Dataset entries

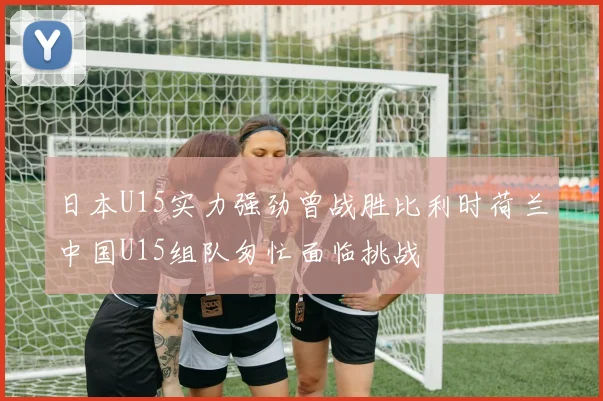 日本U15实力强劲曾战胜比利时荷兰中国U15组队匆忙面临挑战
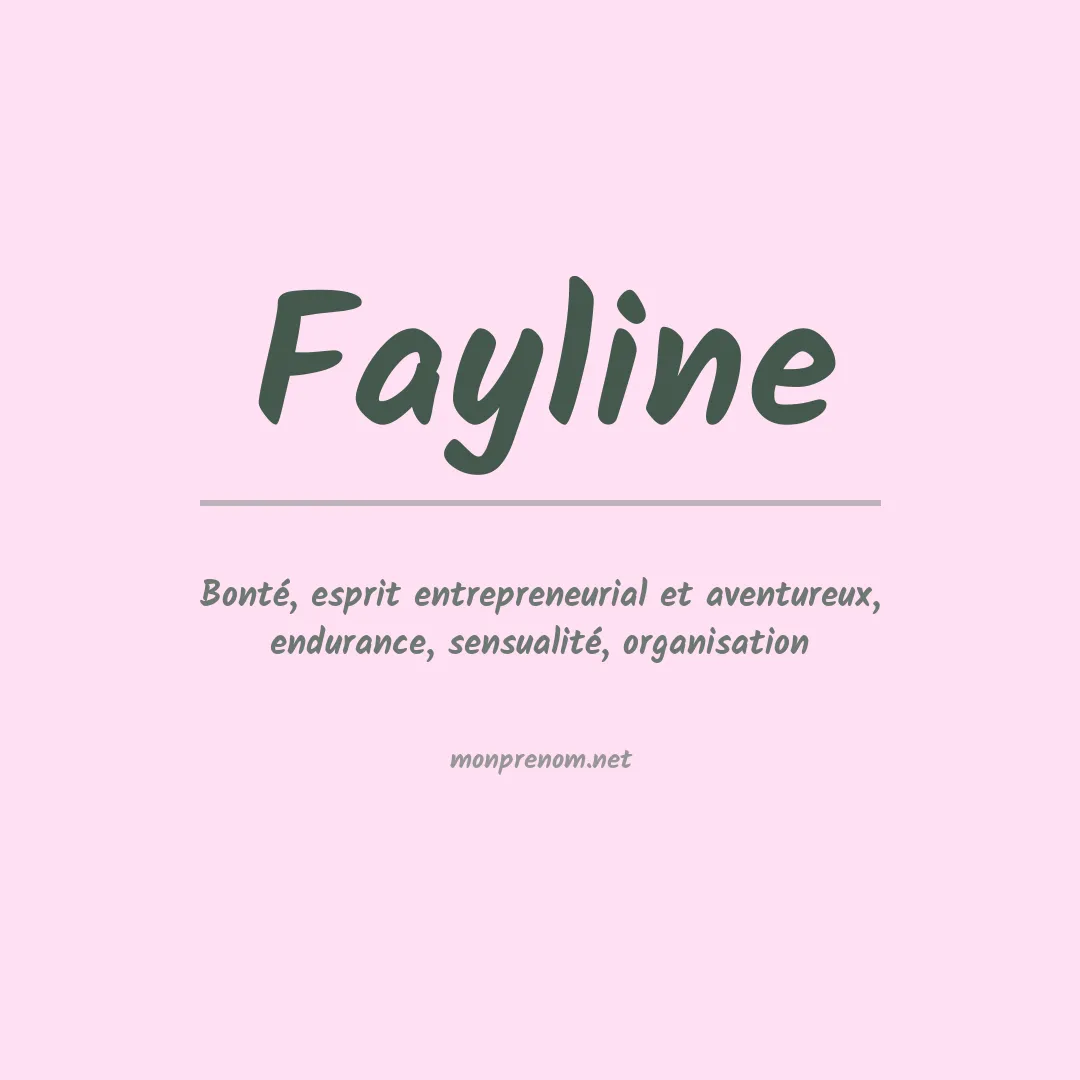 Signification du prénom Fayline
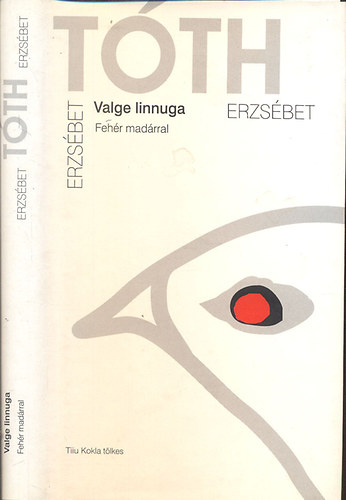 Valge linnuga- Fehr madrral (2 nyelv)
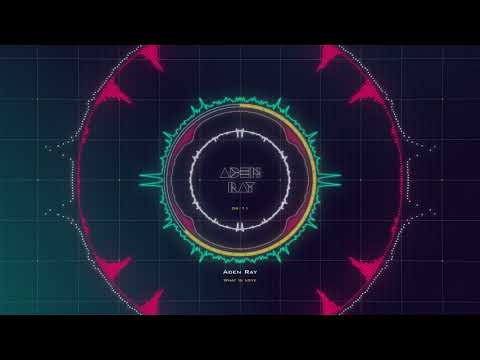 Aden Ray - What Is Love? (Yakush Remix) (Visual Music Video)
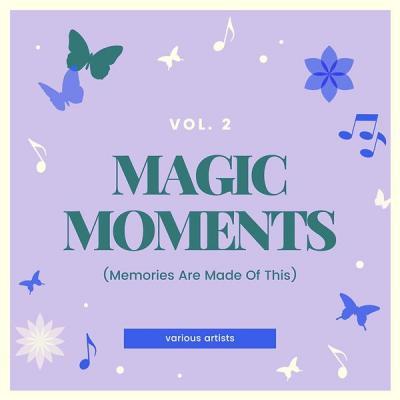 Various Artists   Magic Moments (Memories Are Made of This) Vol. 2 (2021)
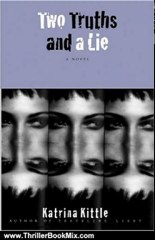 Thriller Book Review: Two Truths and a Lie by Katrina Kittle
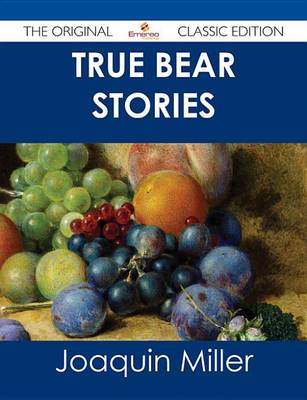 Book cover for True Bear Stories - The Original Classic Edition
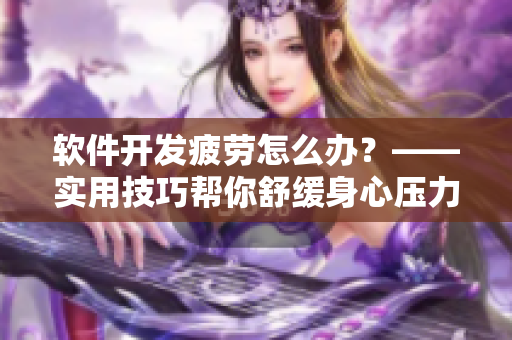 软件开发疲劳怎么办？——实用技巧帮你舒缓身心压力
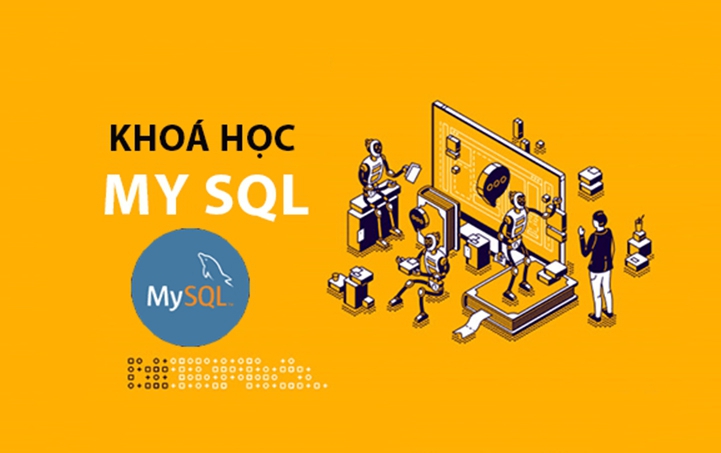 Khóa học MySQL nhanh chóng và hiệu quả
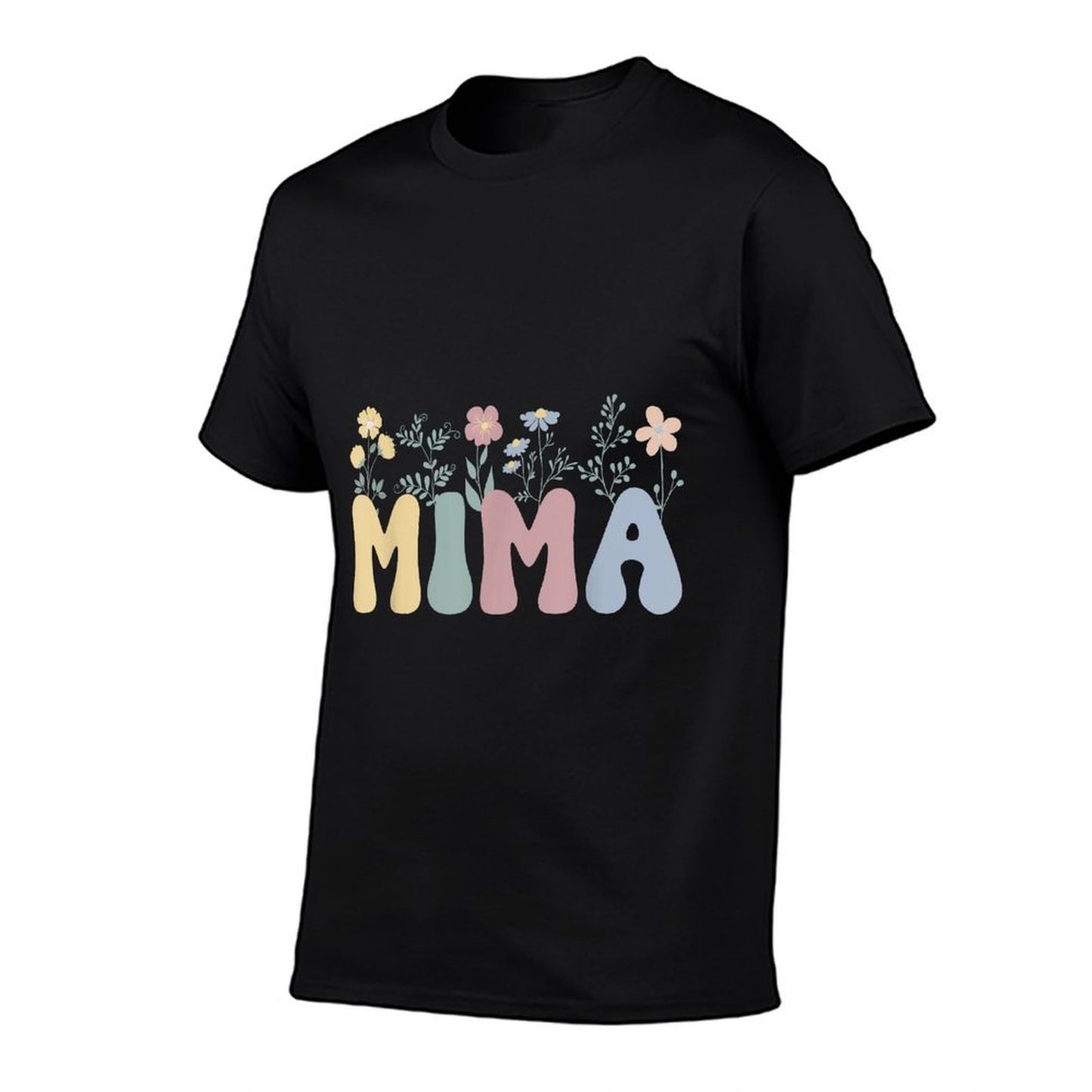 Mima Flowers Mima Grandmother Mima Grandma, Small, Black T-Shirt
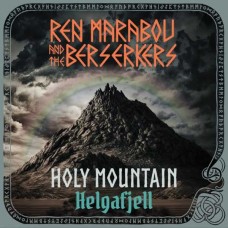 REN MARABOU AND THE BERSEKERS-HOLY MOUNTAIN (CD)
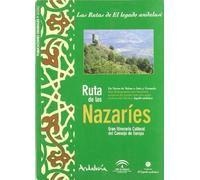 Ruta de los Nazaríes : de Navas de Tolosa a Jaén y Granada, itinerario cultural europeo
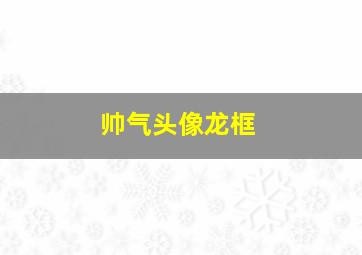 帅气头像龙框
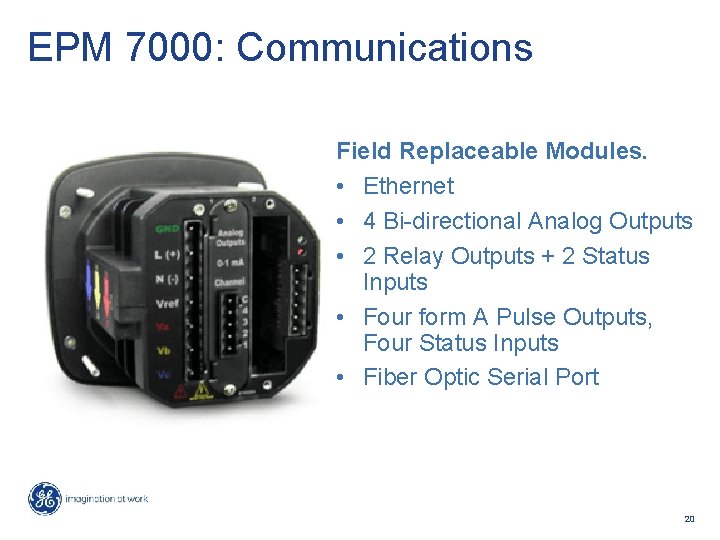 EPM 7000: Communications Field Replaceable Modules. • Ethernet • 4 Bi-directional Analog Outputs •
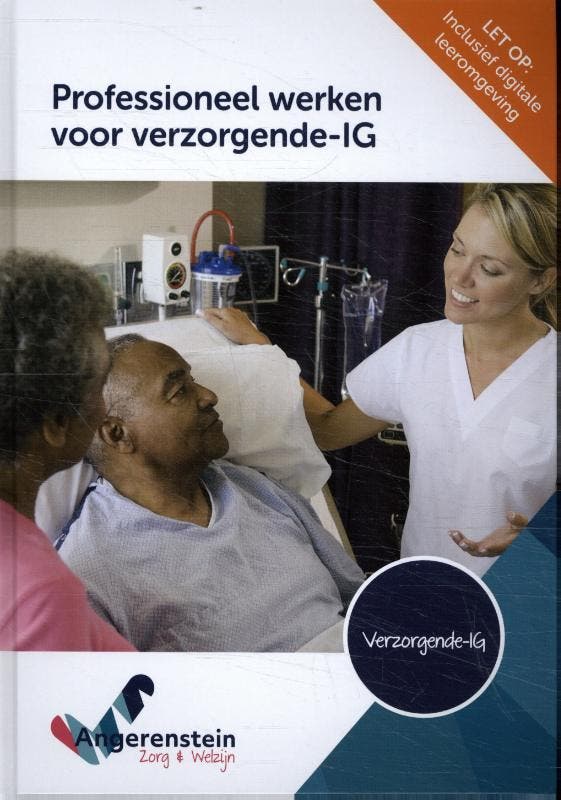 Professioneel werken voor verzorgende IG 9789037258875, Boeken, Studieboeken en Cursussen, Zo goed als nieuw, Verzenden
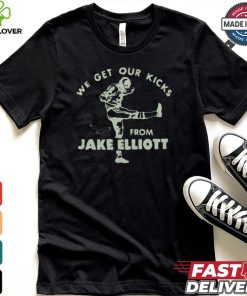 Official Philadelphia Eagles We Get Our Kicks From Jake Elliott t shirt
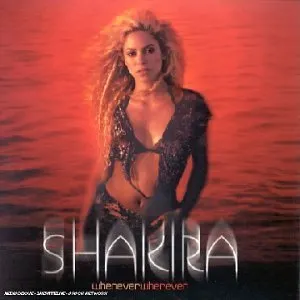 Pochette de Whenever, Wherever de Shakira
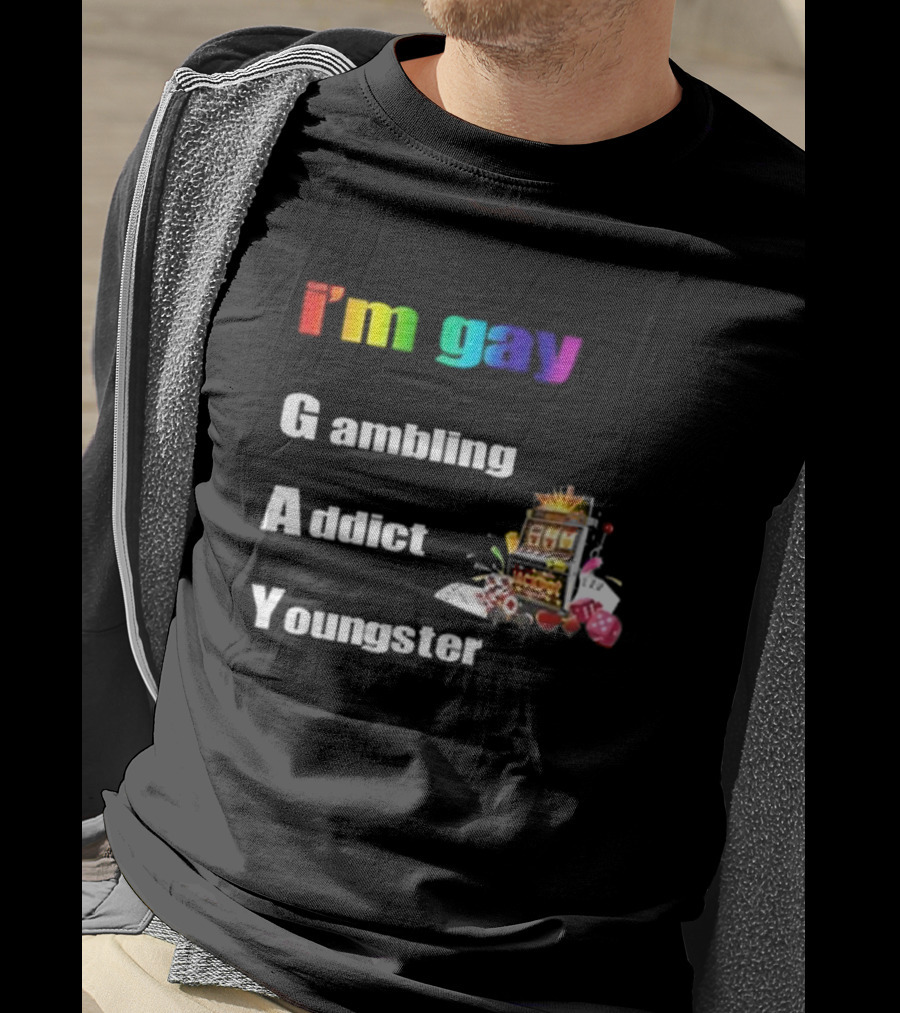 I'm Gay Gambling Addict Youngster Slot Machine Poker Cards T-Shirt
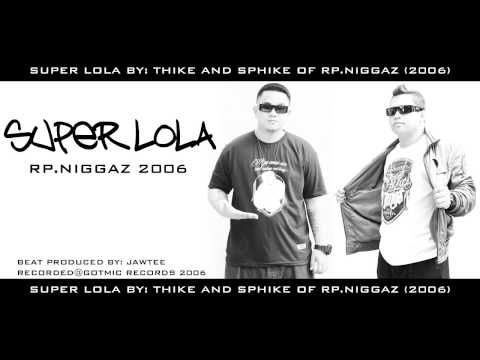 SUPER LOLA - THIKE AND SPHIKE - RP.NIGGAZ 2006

Goal of the exercise:
Although the records hold pictures, the copy must not; give again exactly the lines from the one with "Vol. 2 (2021)" through the one with "REN MARABOU AND".

Answer to this problem:
 Various Artists   Magic Moments (Memories Are Made of This) Vol. 2 (2021)
 Thriller Book Review: Two Truths and a Lie by Katrina Kittle
 Book cover for True Bear Stories - The Original Classic Edition
 软件开发疲劳怎么办？——实用技巧帮你舒缓身心压力
 Khóa học MySQL nhanh chóng và hiệu quả
 Mima Flowers Mima Grandmother Mima Grandma, Small, Black T-Shirt
 REN MARABOU AND THE BERSEKERS-HOLY MOUNTAIN (CD)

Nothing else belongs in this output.